WHAT THIS TASK INVOLVES:
Transcribe every line below exactly; no image goes into the output.

[[ INFORMATION SHOWN, beginning ]]

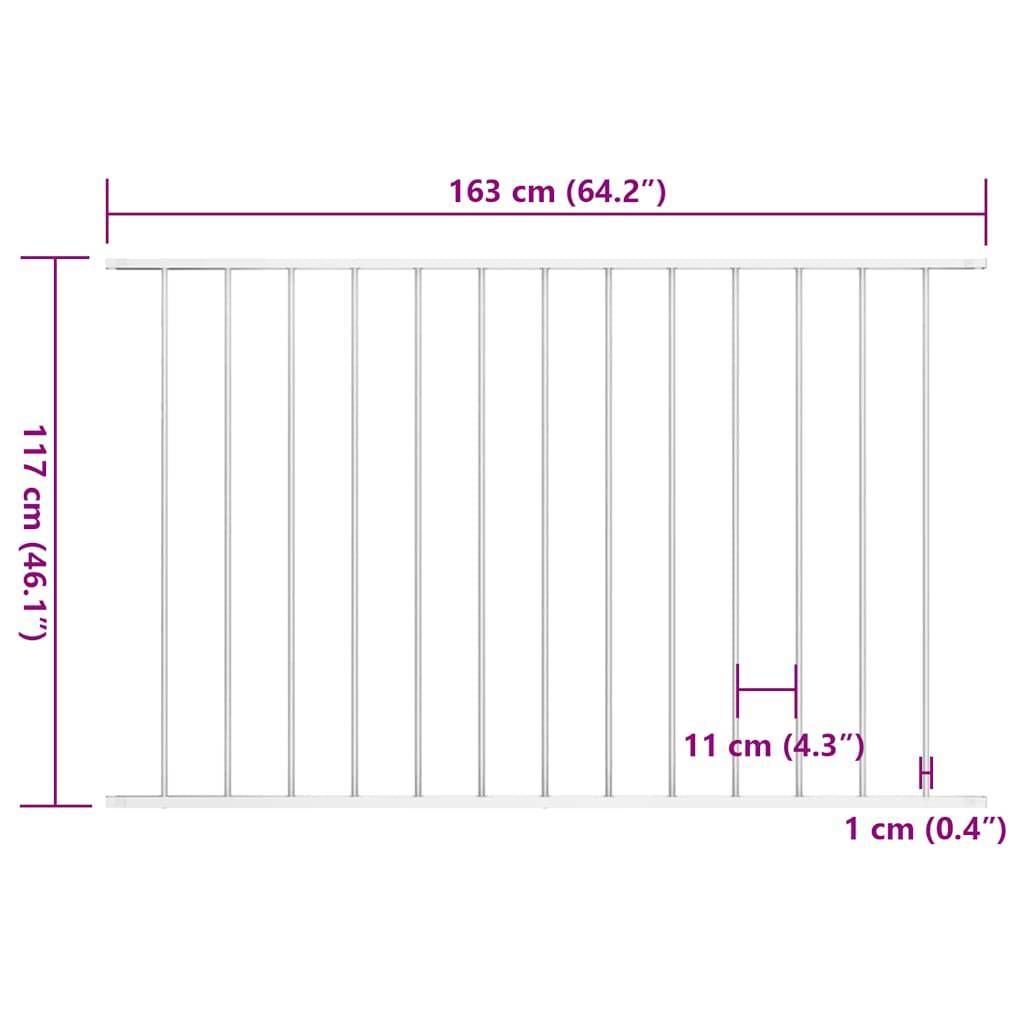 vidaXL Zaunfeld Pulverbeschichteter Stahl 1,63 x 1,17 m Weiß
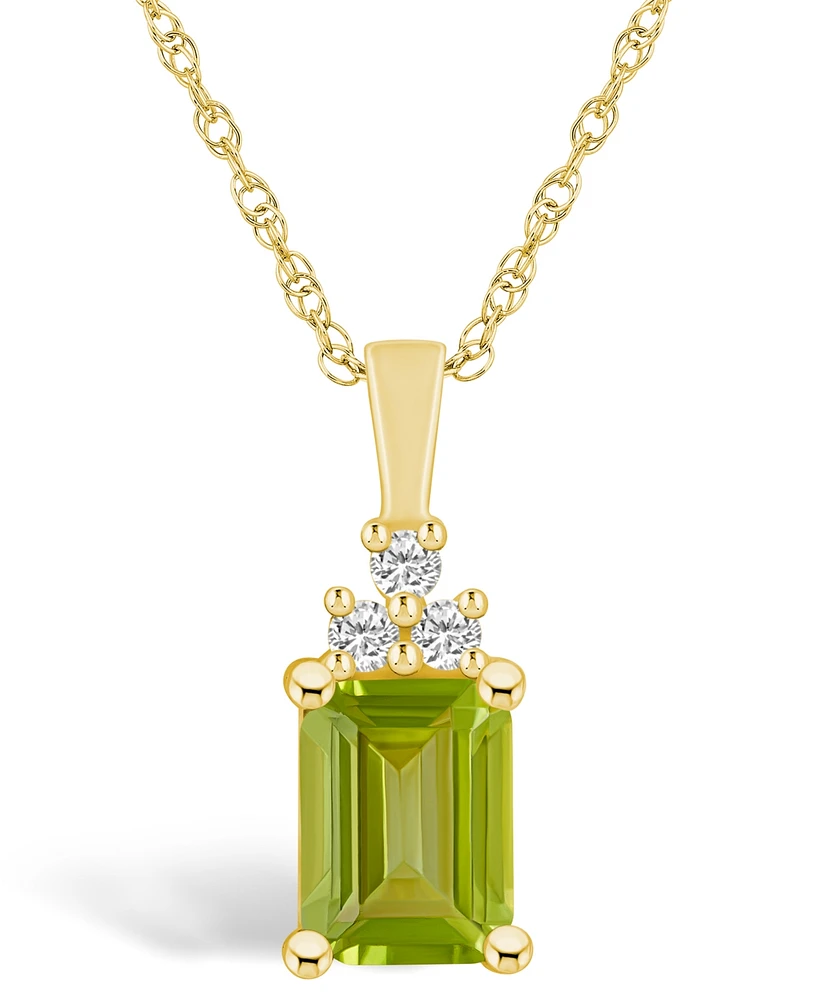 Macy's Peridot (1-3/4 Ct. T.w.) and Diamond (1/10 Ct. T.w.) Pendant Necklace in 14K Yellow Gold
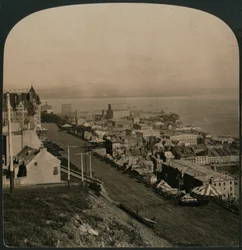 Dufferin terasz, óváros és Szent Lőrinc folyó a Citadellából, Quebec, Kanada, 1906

[[ INFORMATION SHOWN, end ]]

PROBLEM SOLUTION:
 vidaXL Zaunfeld Pulverbeschichteter Stahl 1,63 x 1,17 m Weiß
 Macy's Peridot (1-3/4 Ct. T.w.) and Diamond (1/10 Ct. T.w.) Pendant Necklace in 14K Yellow Gold
 Dufferin terasz, óváros és Szent Lőrinc folyó a Citadellából, Quebec, Kanada, 1906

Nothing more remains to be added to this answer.